Records shown section start

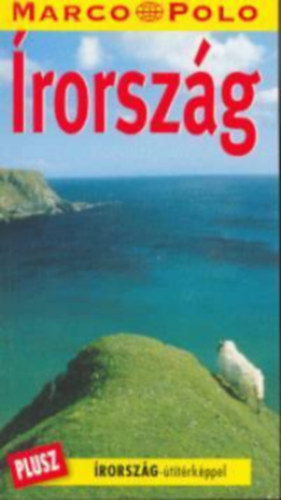 rorszg ( Marco Polo )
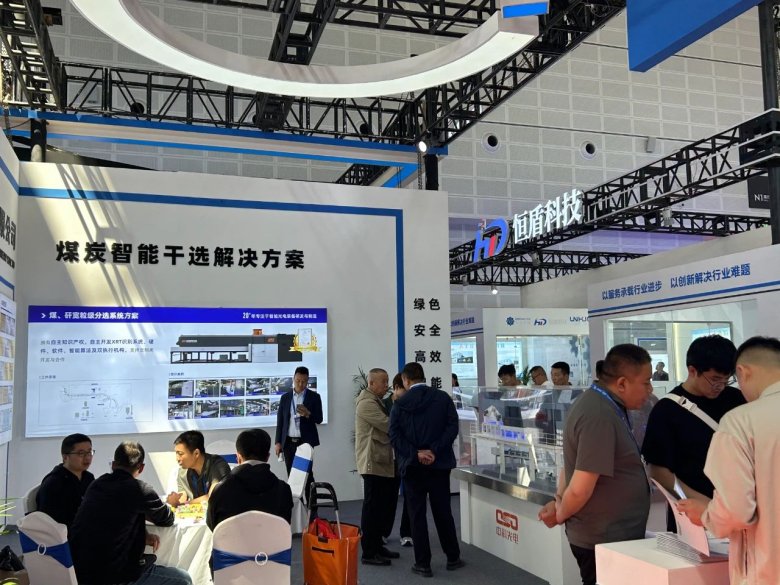 164255_148607_gsdt.jpg 164255_148607_gsdt.jpg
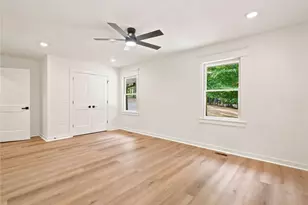 627 Ammons Dr, Waleska, GA 30183 - Photo 26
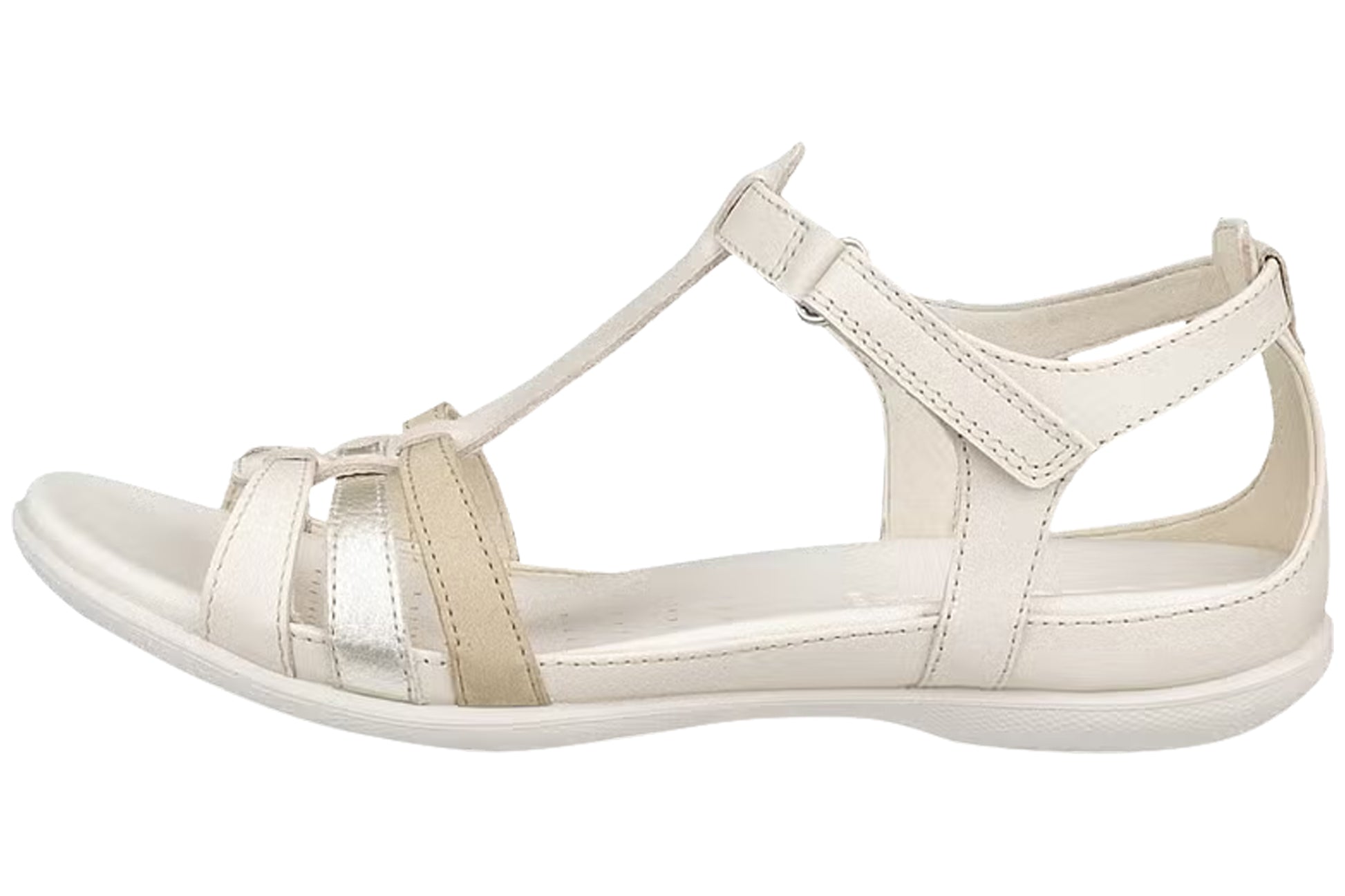 ecco-flash-240873-womens-sandals-limestone-left-flat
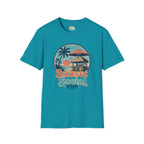 Sunset Social Club T-Shirt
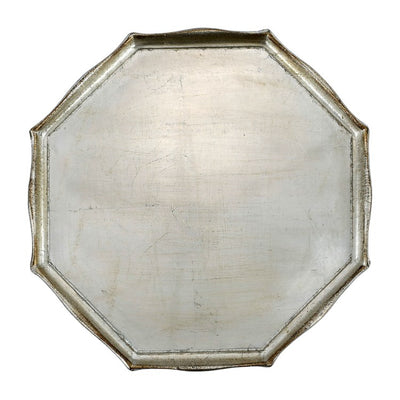 Product Image: FWD-6213P Decor/Decorative Accents/Bowls & Trays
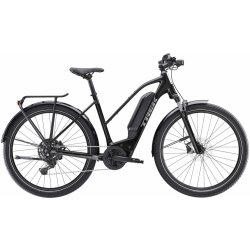 Trek Allant+ 5 Mid-step 2025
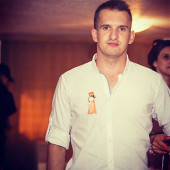 Nerazmaj123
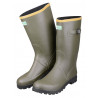 Spro rubber boots min 1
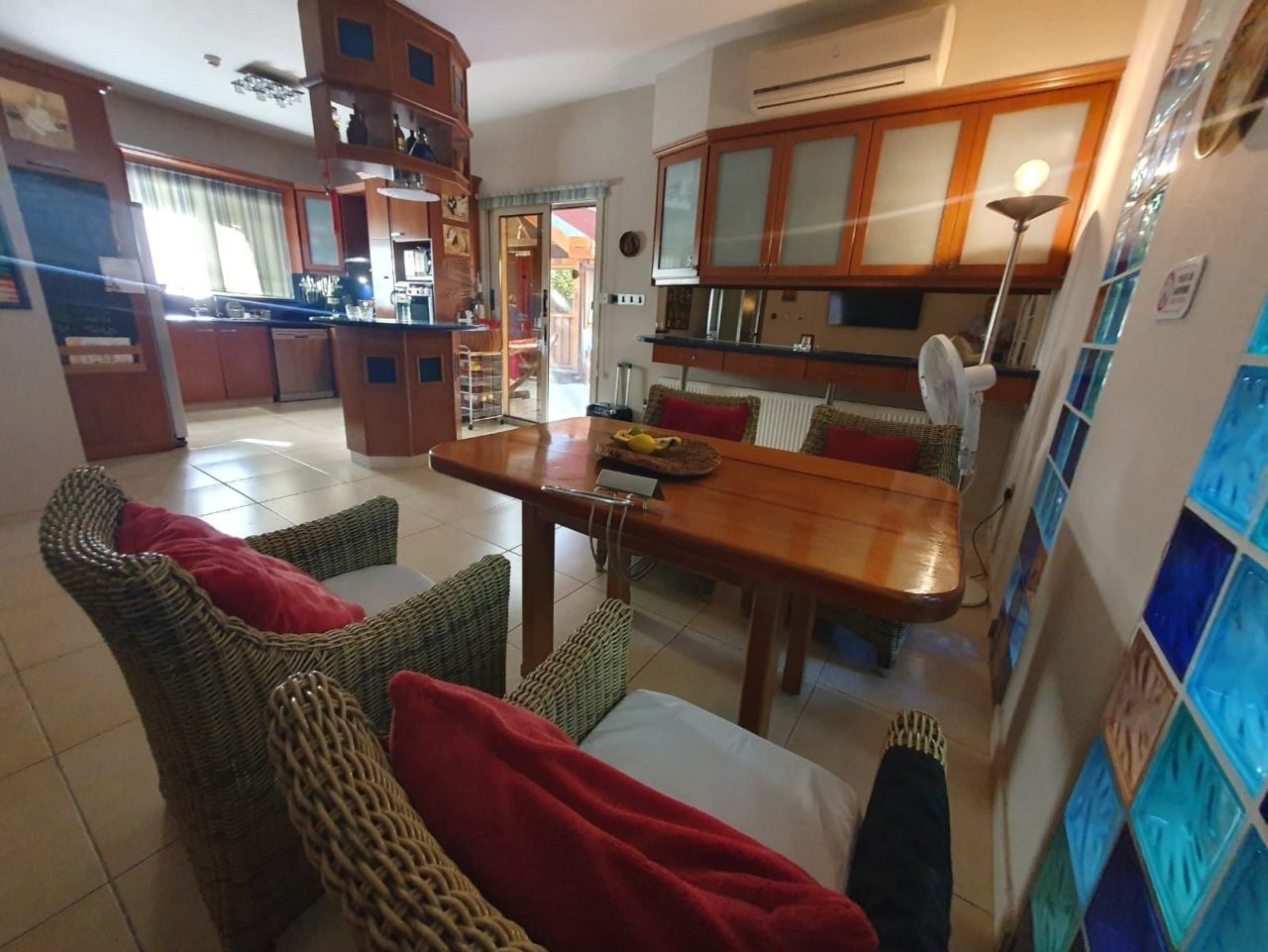 Villa à Limassol, Chypre, 320 m² - image 4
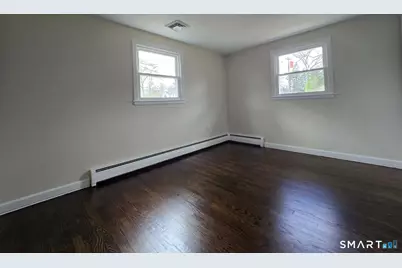 70 Marcy Drive, Southington, CT 06489 - Photo 20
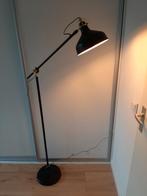 Ikea vloerlamp, Huis en Inrichting, Lampen | Vloerlampen, Ophalen, 150 tot 200 cm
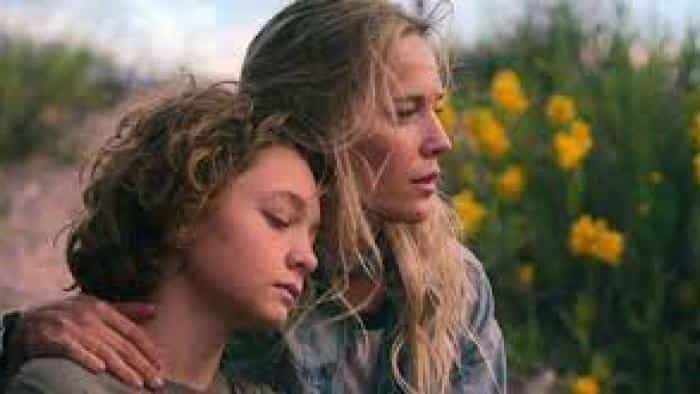 تماشای فیلم پیپا محصول سال 2022 | چیبینو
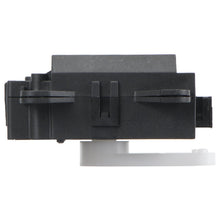 Load image into Gallery viewer, ADR4226 Standard Ignition HVAC Mode Door Actuator Standard Ignition Canada
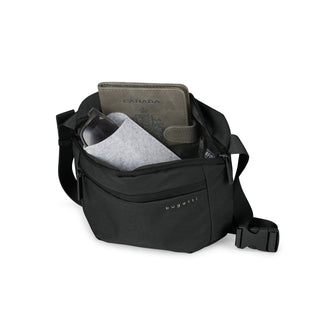 Downtown Crossbody Bag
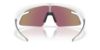 Picture of Oakley Sunglasses RSLV LITE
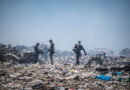 The Great Havana Landfill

Records shown section end

**Problem statement**
Every line from the one bearing "Spro rubber boots min 1" through the end of the data above must be output exactly, and no picture may appear.

**Output of the exercise**
 Spro rubber boots min 1
 Villa à Limassol, Chypre, 320 m² - image 4
 70 Marcy Drive, Southington, CT 06489 - Photo 20
 Ikea vloerlamp, Huis en Inrichting, Lampen | Vloerlampen, Ophalen, 150 tot 200 cm
 تماشای فیلم پیپا محصول سال 2022 | چیبینو
 Load image into Gallery viewer, ADR4226 Standard Ignition HVAC Mode Door Actuator Standard Ignition Canada
 Downtown Crossbody Bag
 Picture of Oakley Sunglasses RSLV LITE
 The Great Havana Landfill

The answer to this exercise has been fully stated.